Michels was featured in 12 Secrets of Highly Successful Women by Gail McMeekin (Conari Press). She was on the faculty of The New School in New York City and the Ringling College of Art + Design in Sarasota, Florida. She served as chairperson of the Fine Arts Advisory Board of the Fashion Institute of Technology in New York City. She conducts career management workshops throughout the U.S.A. and in Canada.
Articles about her work as a career-coach and artist-advocate have been appeared in The Wall Street Journal, The New York Times, The Huffington Post, Forbes, Jezebel, U.S. News and World Report, The Christian Science Monitor, The Dallas Morning News, The Minneapolis Star Tribune, The Dallas Morning News, Newsday, The Miami Herald, The Los Angeles Times, and The Boston Globe.
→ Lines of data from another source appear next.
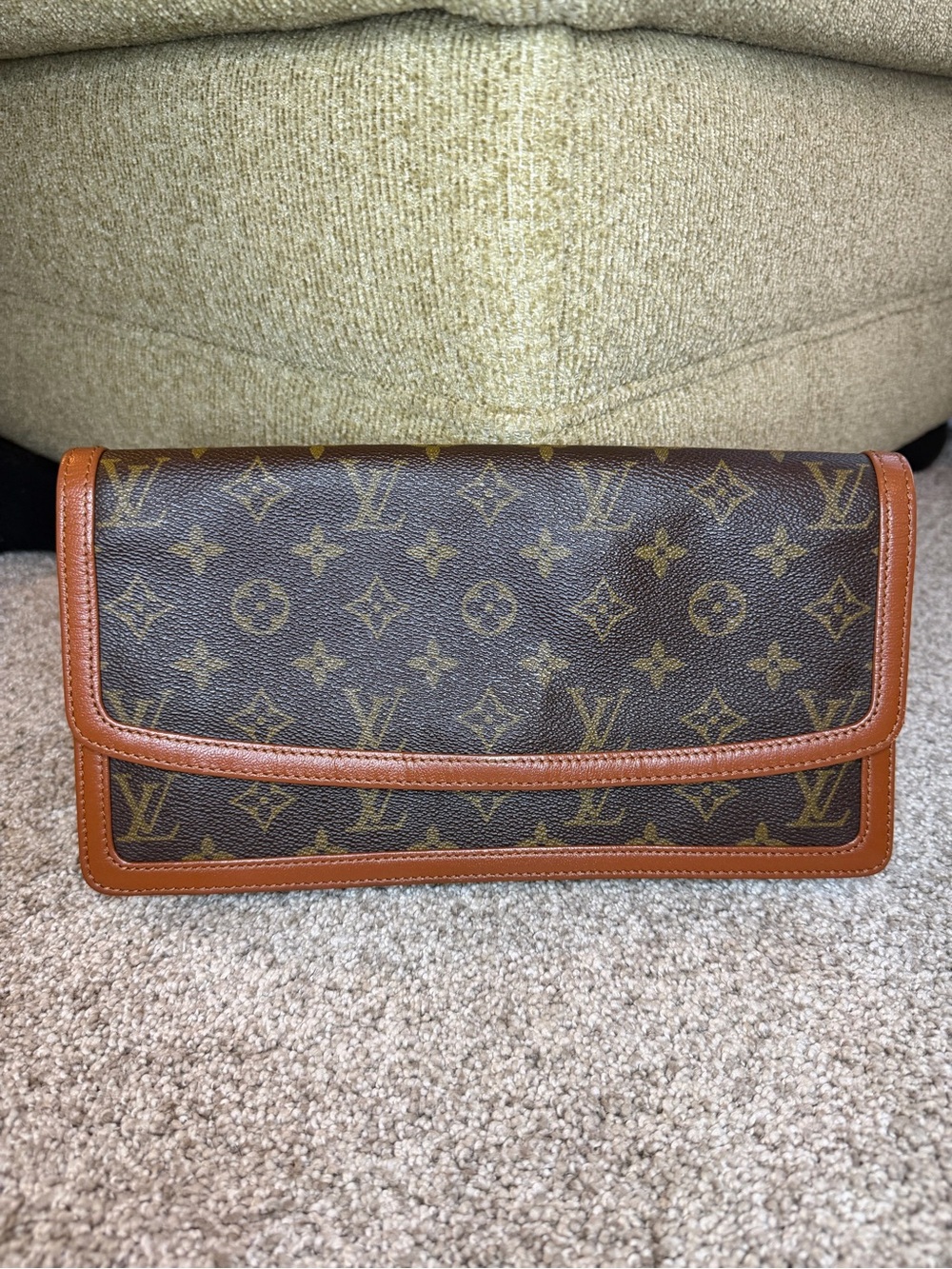 Vintage Louis Vuitton Monogram Envelope Clutch Document Case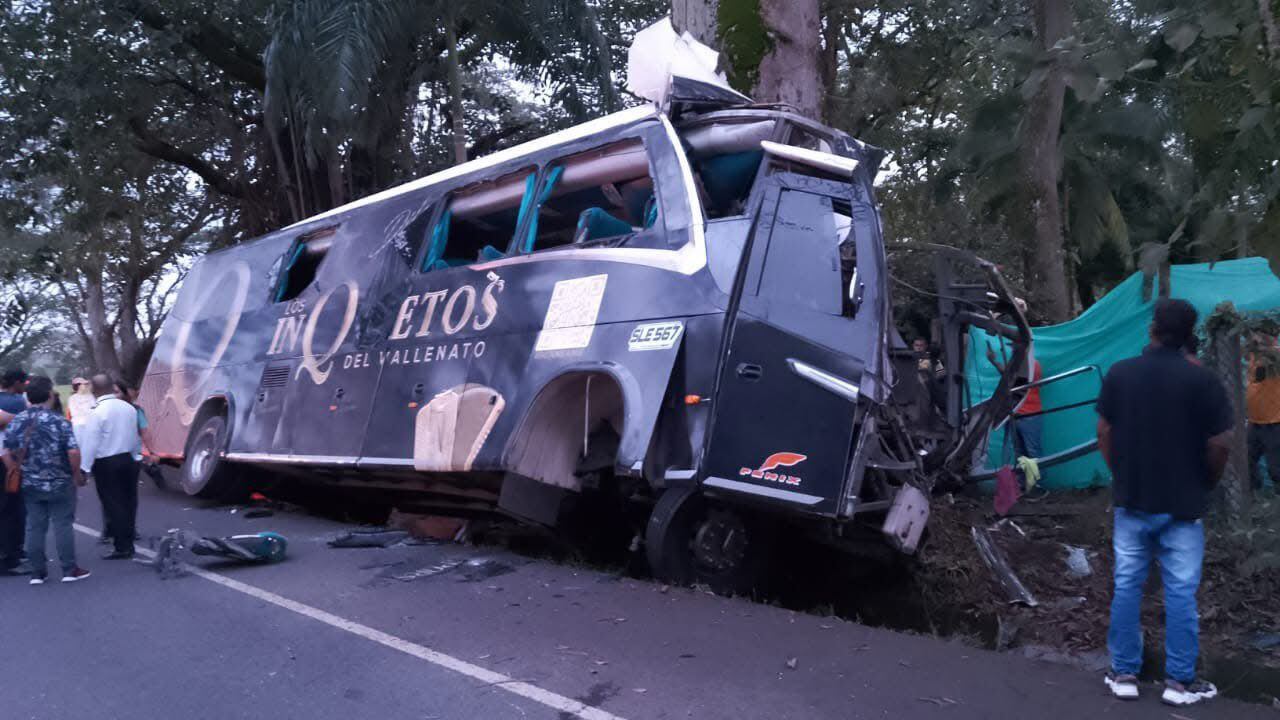 Un muerto y cuatro heridos deja accidente de tránsito en vía que conecta a Córdoba con Antioquia. Foto: cortesía Policía.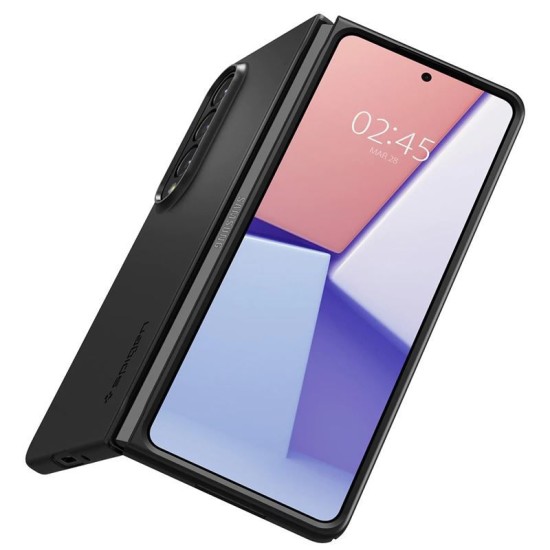 Husa Spigen AirSkin compatibila cu Samsung Galaxy Z Fold 4 5G Black (Z Fold4, ACS05103) by www.silkase.ro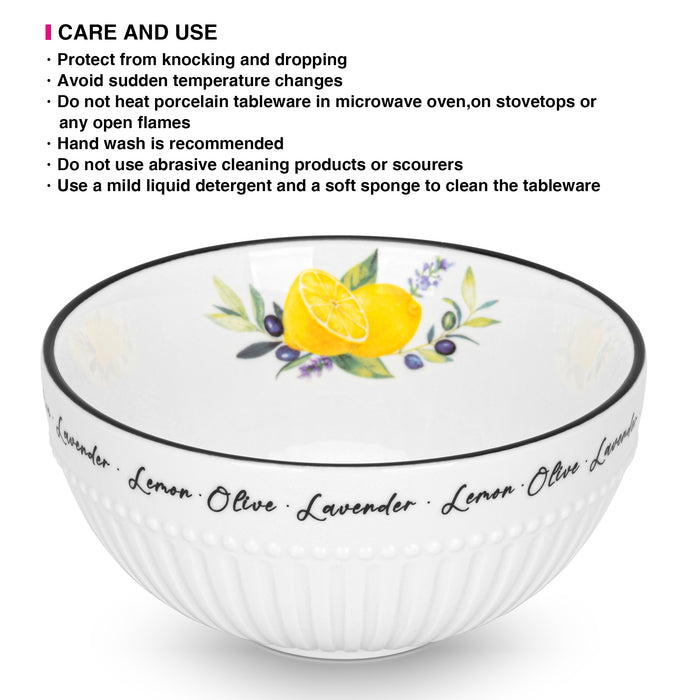2-Piece Bowl Lemon Provence 12cm Porcelain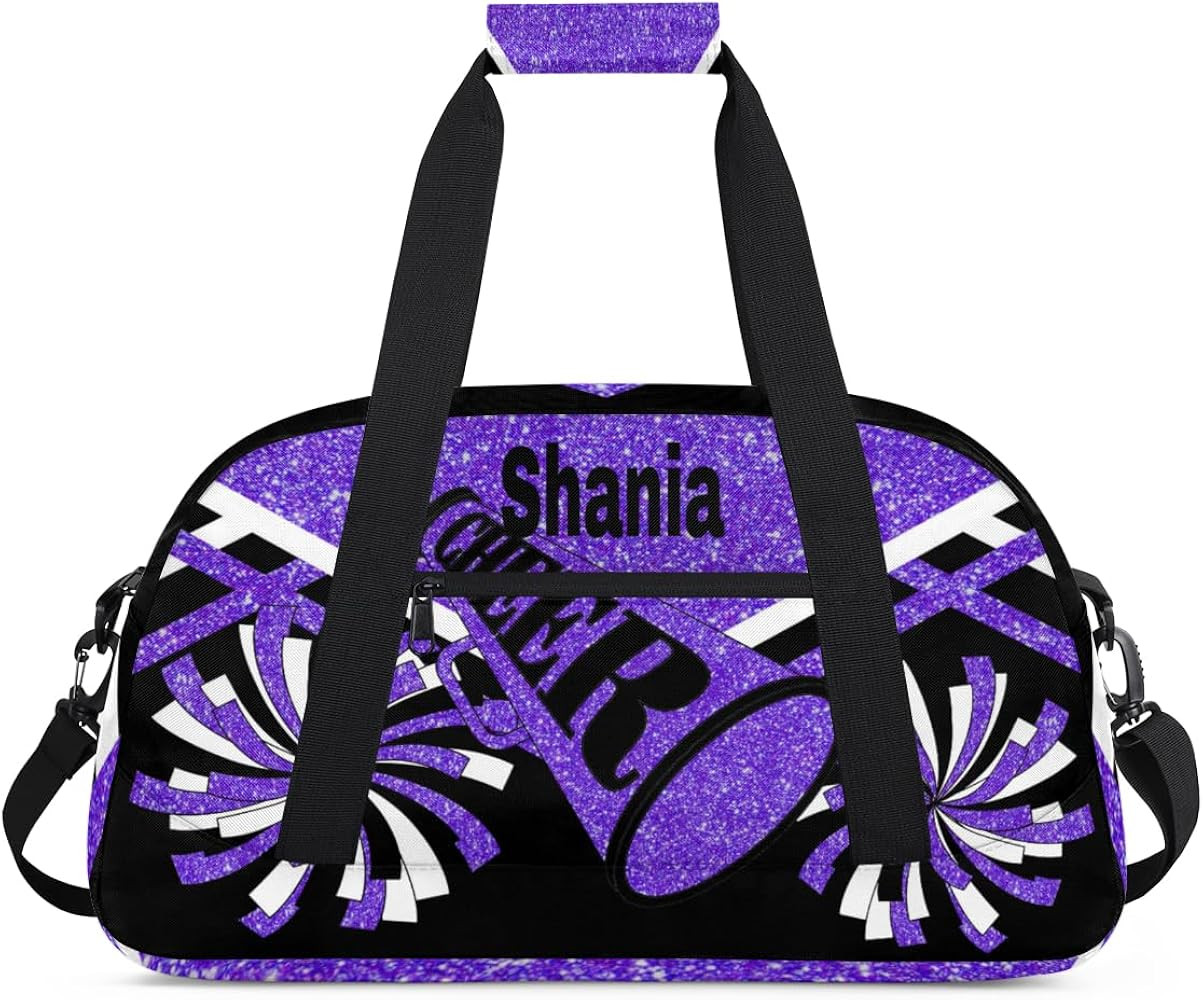 Custom Cheer Dancing Bags for Girls, Personalized Sports Duffle Bag Gym Cheerleading Bag Travel D... | Amazon (US)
Her artwork has been exhibited in museums in the United States and abroad, including the Georges Pompidou Museum in Paris, Haus am Waldsee, Internationale Kunst in Berlin, Germany, the Walker Art Center in Minneapolis, and in New York City the Institute for Contemporary Art, The Clocktower, and Exit Art. Michels has received numerous grants, including those awarded by the National Endowment for the Arts; the NY State Council for the Arts; the NY Council for the Humanities; and the International Fund for the Promotion of Culture/UNESCO. She was a fellow at the Alden B. Dow Creativity Center in Midland, Michigan. Michels is the founder of the Artist Help Network, a website devoted to career resources.
An article about Caroll Michels was included in the 2019 “Best in Series” award by Folio: Magazine Publishing News to the magazine Professional Photographer.